WORK TASK: The response should consist of the data below, copied exactly, with no pictures in it.

AVAILABLE DATA:
•••••
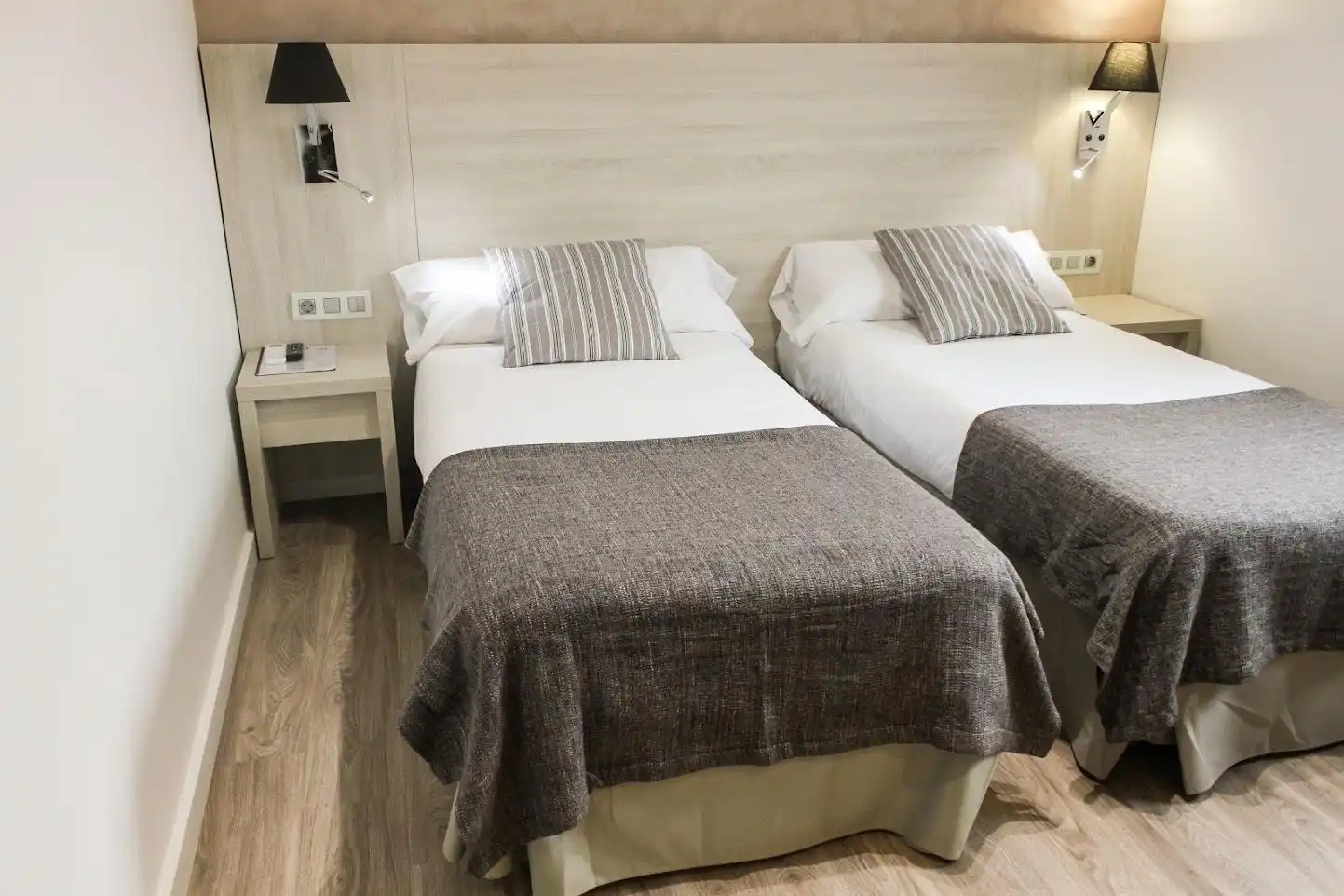 Bedroom of Buildings for sale in Manresa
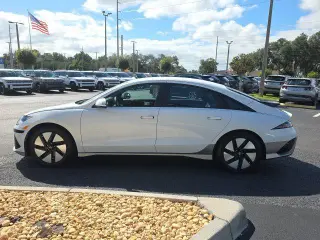 Hyundai IONIQ 6 2024 SE 4p Sedano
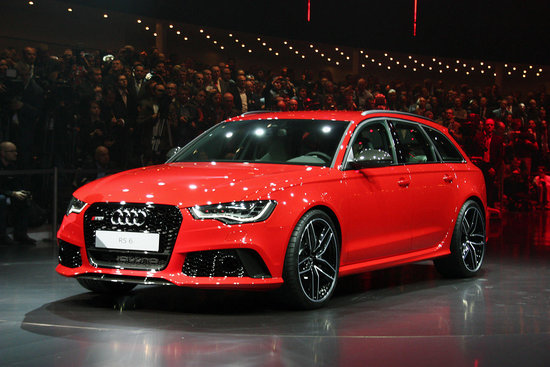 Salonul Auto de la Geneva 2013: Audi RS6 Avant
•••••
ANSWER TO THE PROBLEM:
 Bedroom of Buildings for sale in Manresa
 Hyundai IONIQ 6 2024 SE 4p Sedano
 Salonul Auto de la Geneva 2013: Audi RS6 Avant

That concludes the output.